From blueskypy on 2018-09-24

Thanks @shlee ! In joint calling, shouldn’t HC automatically use the cohort allele frequencies to compute a prior instead of a flat one?

From shlee on 2018-09-24

Hey @blueskypy,

I’m just helping out our new forum support person today and I’m noticing that you’ve posted four similar questions across different threads for the last few days. Would it be possible for you to consolidate all of your questions into a [single new post](https://gatkforums.broadinstitute.org/gatk/post/question/gatk-support-forum)?

Here are your four threads:

- https://gatkforums.broadinstitute.org/gatk/discussion/comment/52389#Comment_52389

- https://gatkforums.broadinstitute.org/gatk/discussion/comment/52386#Comment_52386

- https://gatkforums.broadinstitute.org/gatk/discussion/comment/52368#Comment_52368

- https://gatkforums.broadinstitute.org/gatk/discussion/comment/52183#Comment_52183

Going forward, it would help us tremendously if you could not ask duplicate questions and to group your related questions into the same thread. Thank you!

From blueskypy on 2018-09-24

Thanks @shlee ! Seems I don’t have the permission to post questions.

From shlee on 2018-09-24

@blueskypy,

That’s no good! I just checked your account details and you should be able to post questions. Do you know how long you’ve been unable to post questions? Can you please try again using these links:

1. https://gatkforums.broadinstitute.org/gatk/post/discussion/gatk4-methods

2. https://gatkforums.broadinstitute.org/gatk/post/question/gatk-support-forum

In the meanwhile, I will let my colleague @KateN, who manages the Vanilla side of things, know. Thanks.

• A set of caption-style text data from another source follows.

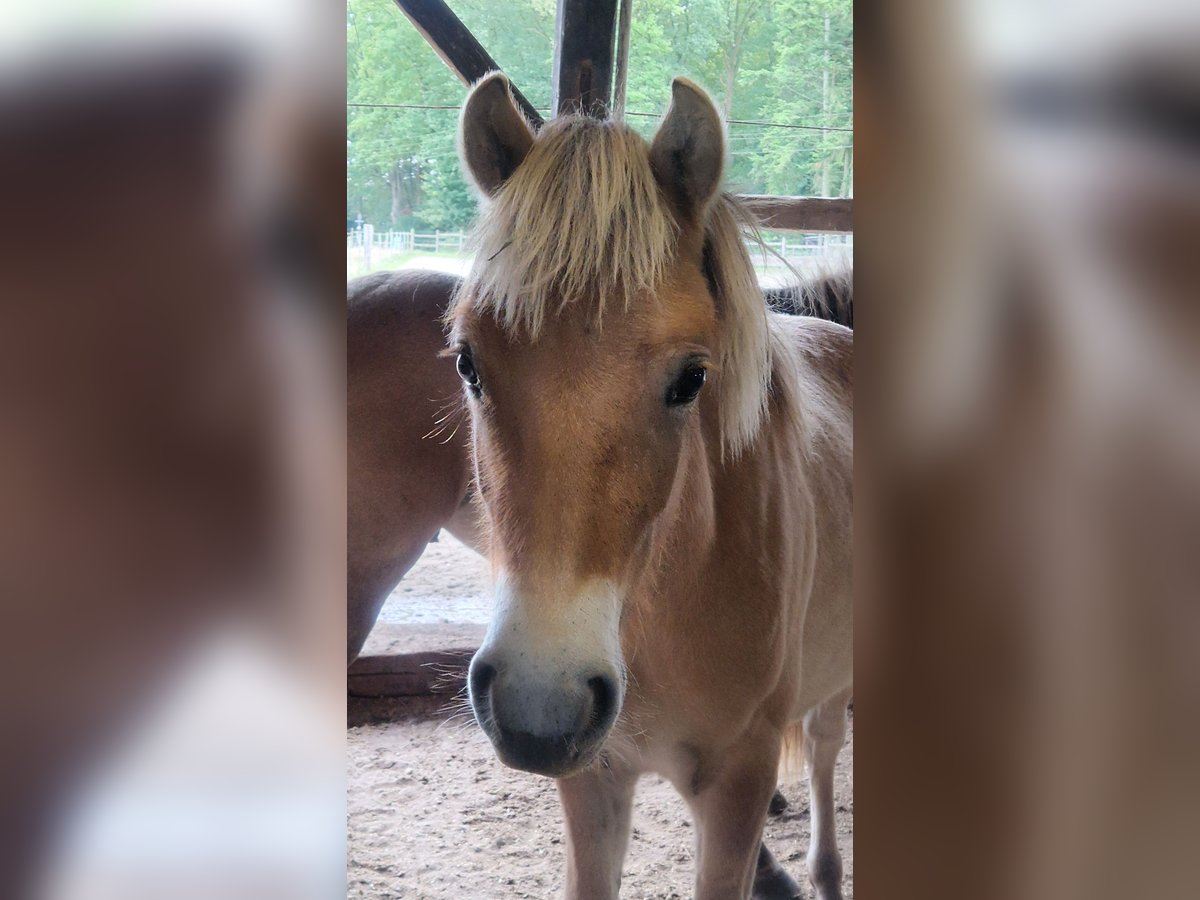 Fjord Horses Stallion 1 year 12,2 hh Dun in H&#xFC;nxe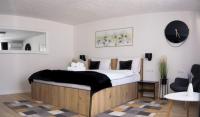 Habitación Deluxe con cama extragrande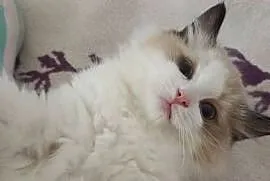 Cudowne kociaki Ragdoll, FPL, prawdziwy rodowód, hodowla od 12 lat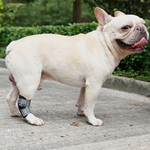Ficha técnica e caractérísticas do produto New Pet ferida Bandage Dog Leg Brace Cat animal auto aderente Enrole Prevent Pet Licking 1PC Wound Clothing Accessories
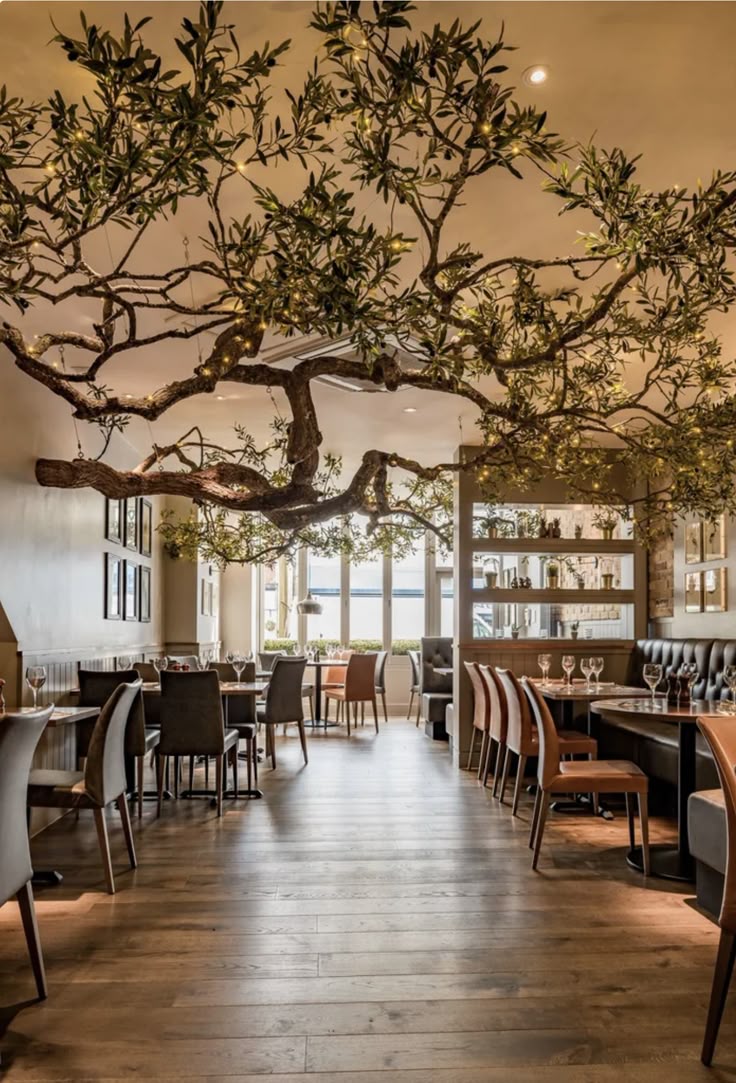 Ceiling-mounted artificial olive branches in a restaurant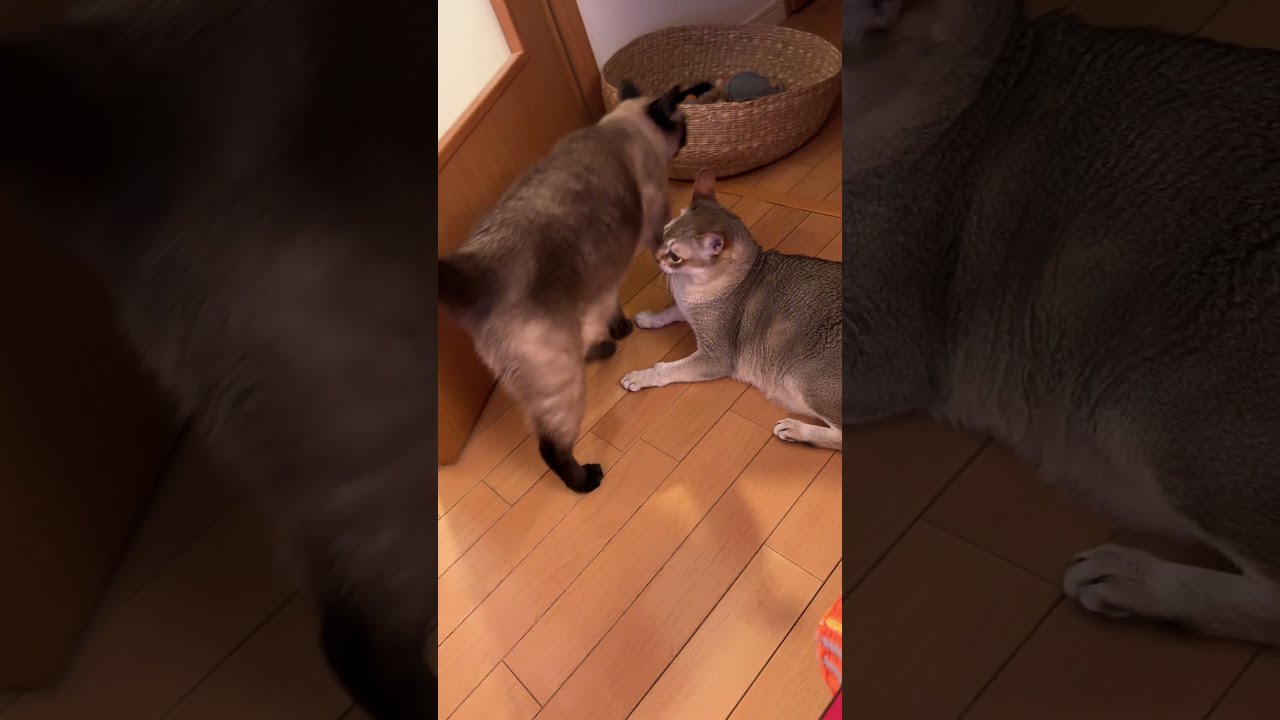 たぬき猫が目の前を通過したのでこっそりペシペシするシンガプーラなのにゃ♪#cat #シンガプーラ #トンキニーズ#たぬき猫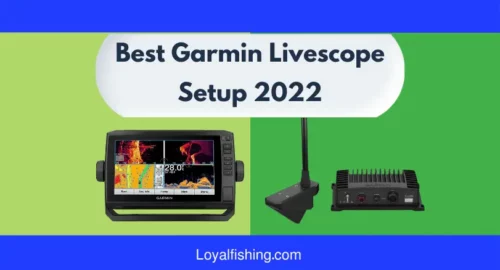 Best Garmin Livescope Setup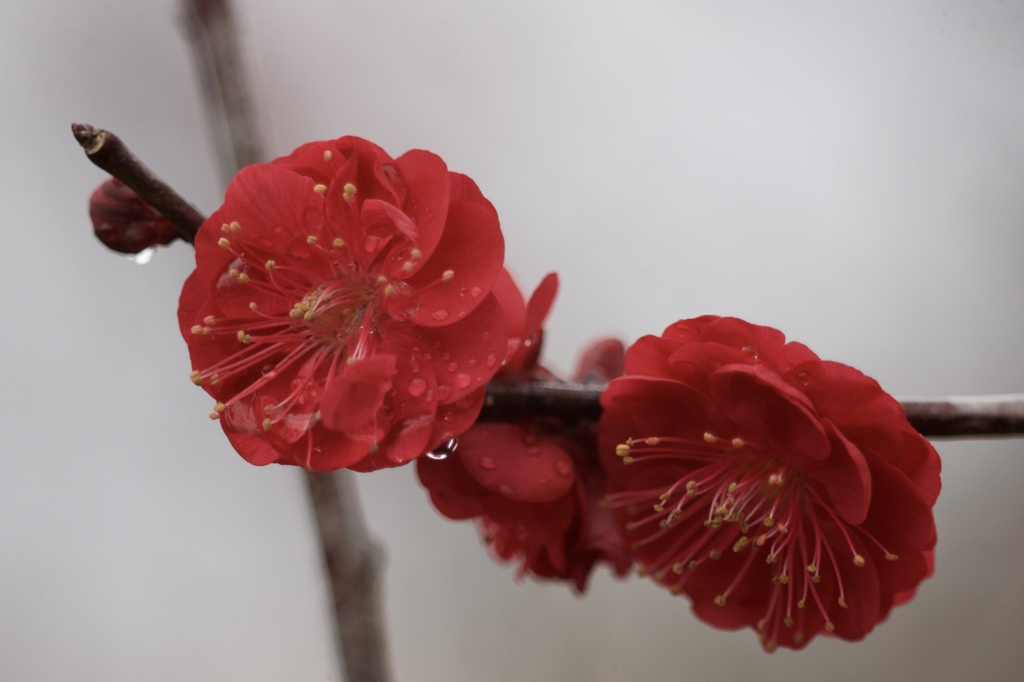 如月雨２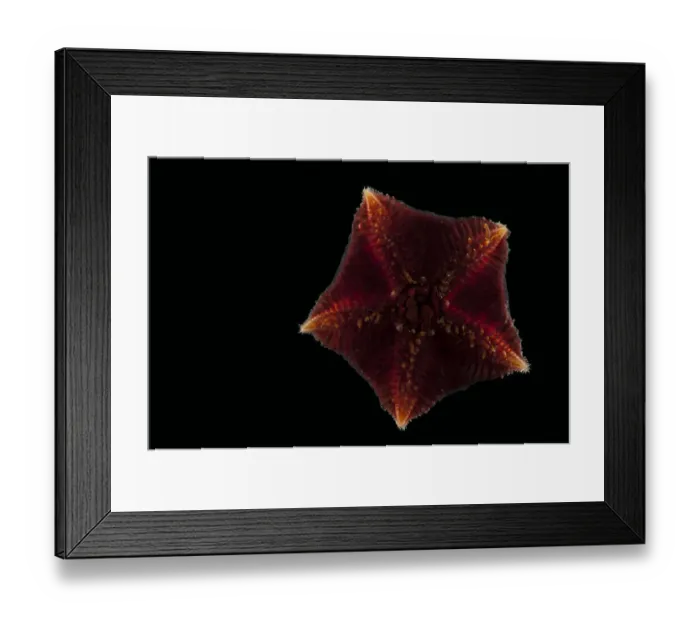 Framed Print : Ventral view of deepsea benthic Asteroid / Seastar (Hymenaster sp) from mid atlantic ridge Framed Print : Ventral view of deepsea benthic Asteroid / Seastar (Hymenaster sp) from mid atlantic ridge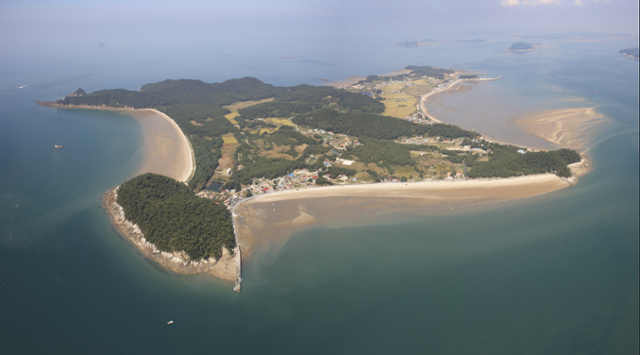 삽시도 배시간표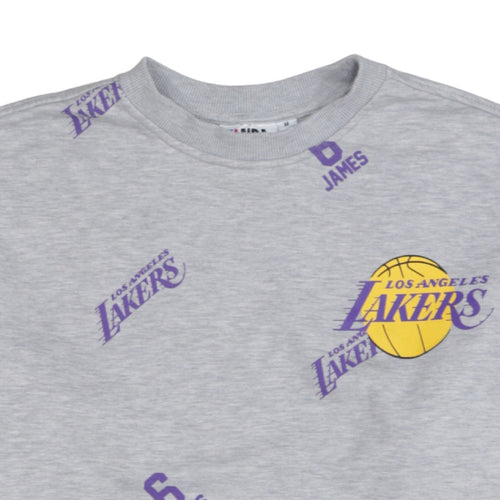 NBA Los Angeles Lakers Men's Grey Graphic Pullover Sweatshirt M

From blueskypy on 2018-09-24

@shlee

clicking of those links took me to a blank page saying “Permission problem”. Also, in page https://gatkforums.broadinstitute.org/gatk/discussions/mine, I don’t see any option to “Ask the team”. I haven’t posted any question since Oct. last year.

From shlee on 2018-09-26

Hi @blueskypy,

@KateN, as well as a Vanilla forum support specialist, has looked into your account and from your account settings allow you to post like anyone else. Kate is on vacation so I am following up. It’s not clear what is going on and perhaps for starters you can switch to a different browser. It may be a security setting issue for your browser for the website. Please let us know if the problem of being unable to post new threads persists.

From blueskypy on 2018-09-26

Thanks @shlee ! I posted two questions.

From aschoenr on 2018-09-28

Hi,

I am currently putting together a pipeline to identify de novo mutations within a collection of huan families. So far I have implemented the pre-processing pipeline and I just wanted to be sure that I am proceeding correctly. What I am planning to do next is implement “Germline short variant discovery” workflow (https://software.broadinstitute.org/gatk/best-practices/workflow?id=11145) and then the workflow described here as Step 3 identifies de novo mutations. My questions about this:

1) Would this be the correct way of going about this? Would this be considered the GATK best practice to identify de novo mutations in human families?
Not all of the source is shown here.